» **PROBLEM DESCRIPTION**:
Exactly as written, transcribe each record below.

» **PROVIDED ENTRIES**:
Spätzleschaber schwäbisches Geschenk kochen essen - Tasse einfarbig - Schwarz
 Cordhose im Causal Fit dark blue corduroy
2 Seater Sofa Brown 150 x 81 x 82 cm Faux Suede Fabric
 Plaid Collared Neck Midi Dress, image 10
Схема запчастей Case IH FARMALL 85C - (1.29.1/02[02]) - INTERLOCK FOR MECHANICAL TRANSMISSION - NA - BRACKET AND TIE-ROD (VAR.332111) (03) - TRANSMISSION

» **WORKED SOLUTION**:
Spätzleschaber schwäbisches Geschenk kochen essen - Tasse einfarbig - Schwarz
 Cordhose im Causal Fit dark blue corduroy
2 Seater Sofa Brown 150 x 81 x 82 cm Faux Suede Fabric
 Plaid Collared Neck Midi Dress, image 10
Схема запчастей Case IH FARMALL 85C - (1.29.1/02[02]) - INTERLOCK FOR MECHANICAL TRANSMISSION - NA - BRACKET AND TIE-ROD (VAR.332111) (03) - TRANSMISSION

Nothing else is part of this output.